A newly formed embryo must therefore go through a process known as epigenetic remodelling, in which the epigenetic changes inherited from its parents are erased, allowing its cells to become pluripotent again. One type of epigenetic change is a chemical modification to the DNA known as DNA methylation (DNAme). Epigenetic remodelling involves active DNAme erasure and inhibition of the cellular machinery responsible for DNAme. However, a complete understanding of how this molecular network regulates genome-wide epigenetic remodelling is still missing.

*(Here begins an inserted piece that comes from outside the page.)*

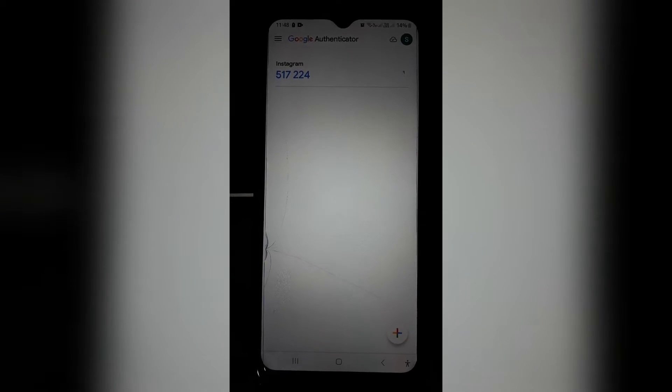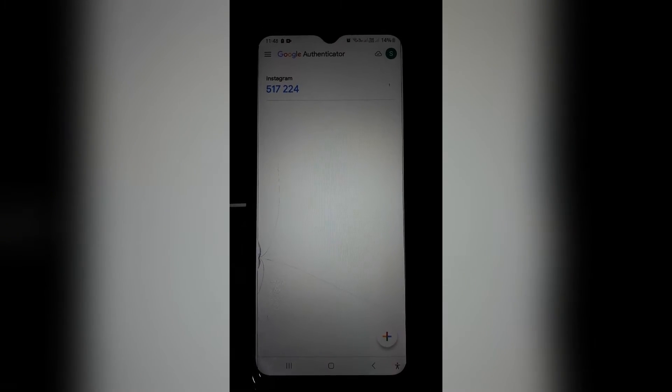Ladies and gentlemen, welcome to the channel. Today I'm going to show you how to delete an account on your Google Authenticator app.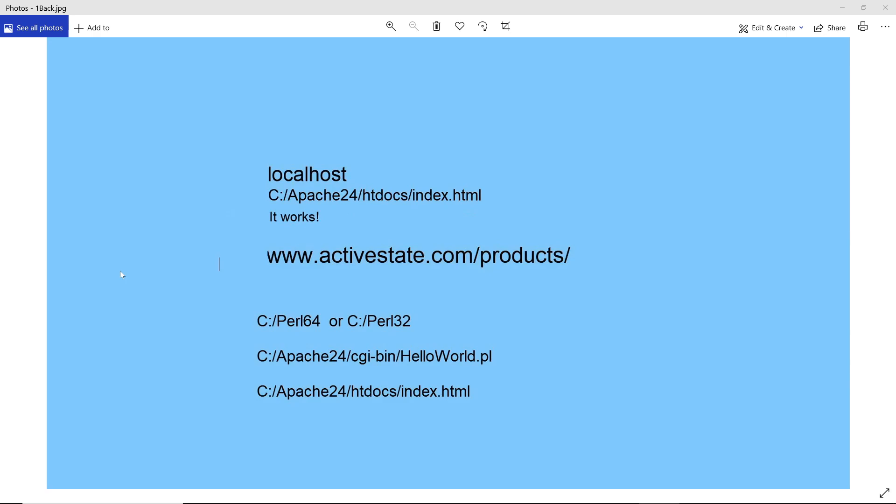Link below. Start Apache with the shortcut on your desktop. Open a web browser. In the address bar, type localhost.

EMBL Rome’s Hackett group performed a CRISPR screen, in which they deleted 19,000 genes in turn to analyse the function of each one. They identified many genes involved in epigenetic remodelling and decided to focus on two of them, known as Dppa2 and Dppa4. These genes are puzzling. When they are deleted in mice they cause death due to lung failure, even though they are only switched on during very early development – the first five days in mice, which is long before any tissues are formed. The reason for this long-term effect is that Dppa2 and Dppa4 establish the correct epigenetic state of important developmental genes during early embryo development, and this state is maintained throughout development to ensure that genes are switched on at the right time. This is a beautiful example of epigenetic ‘memory’ of past events influencing future processes.
Hijacking the epigenetic machinery
As well as key developmental genes, Dppa2 and Dppa4 also seem to control the expression of certain DNA regions that belong to a group known as LINE1 elements. These are regions of DNA that are able to copy and paste themselves into other locations in the genome. Cells usually exert a tight control over these elements by repressing their expression. However, some LINE1 elements that have occurred more recently in evolutionary time might have acquired Dppa2 or Dppa4 binding sites to escape cellular repression and permanent epigenetic silencing, allowing them to evade the cell’s defences.
The work of the Hackett group is supported by evidence from other research groups that appears in the same issue of Nature Structural & Molecular Biology, describing how a balance of DNA methylation and epigenetic remodelling is achieved during early development and the role played by Dppa2 and Dppa4 in these events.
The results obtained by the Hackett group reveal a new paradigm for how epigenetic memory is put in place, and extend beyond the specific cases of Dppa2 and Dppa4. In fact, the CRISPR screen led the team to uncover a substantial set of genes that regulate epigenetic changes, paving the way for further research in the field.